Diabetic retinopathy is a major cause of blindness in developed countries, and is characterized by deterioration of barrier function causing vascular hyperpermeability and retinal edema. Vascular endothelial growth factor (VEGF) is a major mediator of diabetic macular edema. Although anti-VEGF drugs are the first-line treatment for diabetic macular edema, some cases are refractory to anti-VEGF therapy. Osteopontin (OPN) is a phosphoglycoprotein with diverse functions and expressed in various cells and tissues. Elevated OPN level has been implicated in diabetic retinopathy, but whether OPN is involved in hyperpermeability remains unclear. Using streptozotocin-induced diabetic mice (STZ mice) and human retinal endothelial cells (HRECs), we tested the hypothesis that up-regulated OPN causes tight junction disruption, leading to vascular hyperpermeability. The serum and retinal OPN concentrations were elevated in STZ mice compared to controls. Intravitreal injection of anti-OPN neutralizing antibody (anti-OPN Ab) suppressed vascular hyperpermeability and prevented decreases in claudin-5 and ZO-1 gene expression levels in the retina of STZ mice. Immunohistochemical staining of retinal vessels in STZ mice revealed claudin-5 immunoreactivity with punctate distribution and attenuated ZO-1 immunoreactivity, and these changes were prevented by anti-OPN Ab. Intravitreal injection of anti-OPN Ab did not change VEGF gene expression or protein concentration in retina of STZ mice.

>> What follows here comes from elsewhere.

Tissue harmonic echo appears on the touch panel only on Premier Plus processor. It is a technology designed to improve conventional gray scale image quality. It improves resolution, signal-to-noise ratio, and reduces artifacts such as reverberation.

In an in vitro study, HRECs were exposed to normal glucose or high glucose with or without OPN for 48 h, and barrier function was evaluated by transendothelial electrical resistance and Evans blue permeation. Barrier function deteriorated under high glucose condition, and was further exacerbated by the addition of OPN. Immunofluorescence localization of claudin-5 and ZO-1 demonstrated punctate appearance with discontinuous junction in HRECs exposed to high glucose and OPN. There were no changes in VEGF and VEGF receptor-2 expression levels in HRECs by exposure to OPN. Our results suggest that OPN induces tight junction disruption and vascular hyperpermeability under diabetic conditions. Targeting OPN may be an effective approach to manage diabetic retinopathy.

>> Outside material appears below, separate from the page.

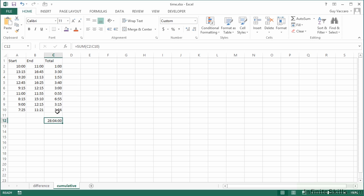So that's a couple of clever little bits with time. The difference between time, how you can control that when it goes over a day, and how you can do cumulative time when it's more than 24 hours.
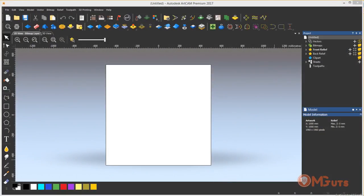Hi, this is Murad from MGTOOTS.com and in this video I'm going to show you what's new in ArtCAM 2017. Before I start, I have a little announcement.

糖尿病性视网膜病变是发达国家失明的主要原因,其特征是屏障功能恶化导致血管通透性增加和视网膜水肿。血管内皮生长因子(VEGF)是糖尿病性黄斑水肿的主要介质。虽然抗 VEGF 药物是糖尿病性黄斑水肿的一线治疗方法,但有些病例对抗 VEGF 治疗有抗性。骨桥蛋白(OPN)是一种具有多种功能的磷糖蛋白,在各种细胞和组织中表达。OPN 水平升高与糖尿病性视网膜病变有关,但 OPN 是否与通透性增加有关尚不清楚。我们使用链脲佐菌素诱导的糖尿病小鼠(STZ 小鼠)和人视网膜内皮细胞(HRECs),验证了上调的 OPN 导致紧密连接破坏,从而导致血管通透性增加的假设。与对照组相比,STZ 小鼠的血清和视网膜 OPN 浓度升高。STZ 小鼠玻璃体腔内注射抗 OPN 中和抗体(抗 OPN Ab)可抑制血管通透性增加,并防止 STZ 小鼠视网膜中 Claudin-5 和 ZO-1 基因表达水平降低。STZ 小鼠视网膜血管免疫组织化学染色显示 Claudin-5 免疫反应呈点状分布,ZO-1 免疫反应减弱,抗 OPN Ab 可预防这些变化。抗 OPN Ab 玻璃体腔内注射不会改变 STZ 小鼠视网膜中 VEGF 基因表达或蛋白浓度。在一项体外研究中,将 HRECs 暴露于正常葡萄糖或高葡萄糖中,或在高葡萄糖中加入或不加入 OPN 48 小时,通过跨内皮电阻和 Evans 蓝渗透评估屏障功能。在高葡萄糖条件下,屏障功能恶化,加入 OPN 后进一步恶化。在暴露于高葡萄糖和 OPN 的 HRECs 中,Claudin-5 和 ZO-1 的免疫荧光定位显示点状外观,连接不连续。HRECs 暴露于 OPN 时,VEGF 和 VEGF 受体-2 的表达水平没有变化。我们的结果表明,OPN 在糖尿病条件下诱导紧密连接破坏和血管通透性增加。靶向 OPN 可能是治疗糖尿病性视网膜病变的有效方法。